“NFLの大物”LTとビガロの選択――フミ斎藤のプロレス講座別冊WWEヒストリー第188回(1995年編)
いわゆるスポーツ・セレブリティーの一夜限りのプロレス体験の対戦相手としてビンスが指名したのは、こういう役どころを演じさせたら右に出る者はいないといわれる“仕事人”ビガロだった。LTのファイトマネーは100万ドル超とウワサされたが、じつはビガロのギャラもLTと同額だったとされる。“レッスルマニア”のメインでLTと対戦することでビガロの一般的知名度もかなりアップしたことは事実だった。

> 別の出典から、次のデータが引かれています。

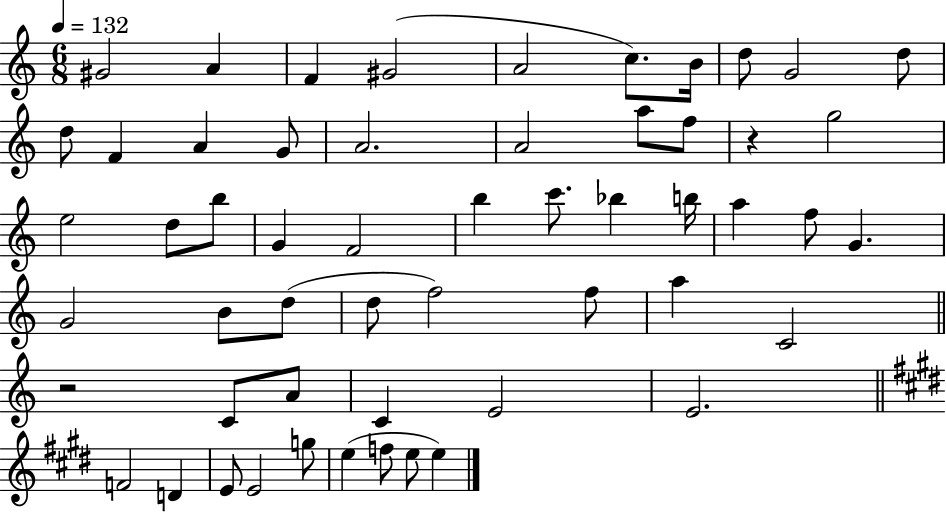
G#4/h A4/q F4/q G#4/h A4/h C5/e. B4/s D5/e G4/h D5/e D5/e F4/q A4/q G4/e A4/h. A4/h A5/e F5/e R/q G5/h E5/h D5/e B5/e G4/q F4/h B5/q C6/e. Bb5/q B5/s A5/q F5/e G4/q. G4/h B4/e D5/e D5/e F5/h F5/e A5/q C4/h R/h C4/e A4/e C4/q E4/h E4/h. F4/h D4/q E4/e E4/h G5/e E5/q F5/e E5/e E5/q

LTはセコンドとしてケン・ノートンJr(元サンフランシスコ・49ナーズ)、カール・バンクス(元ジャイアンツ)、リッキー・ジャクソン(元49ナーズ)、スティーブ・マクマイケル(元シカゴ・ベアーズ)、レジー・ホワイト(元グリーンベイ・パッカーズ)、クリス・スピールマン(元デトロイト・ライオンズ)といったNFLプレーヤーたちをリングサイドに連れてきた。やや蛇足になるが、このなかでS・マクマイケルだけが翌1996年、WCWで本格的にプロレス転向を果たした。
ビガロのセコンドにはマネジャー役の“ミリオンダラー・マン”テッド・デビアス、アーウィン・R・シャイスター(マイク・ロトンド)、キングコング・バンディ、タタンカらがつき、NFL軍団とミリオンダラー軍団のリングサイドでの番外編の乱闘シーンがこの試合のひとつのスパイスになっていた。
LTがトライしたプロレス技はジャックナイフ式パワーボム、フライング・ショルダーブロック、ランニング・エルボーといったところだった。ビガロのトップロープからのダイビング・ヘッドバットをLTがタイミングよくカウント2でキックアウトしたシーンに1万5000人の観客から自然発生的な拍手が起きた。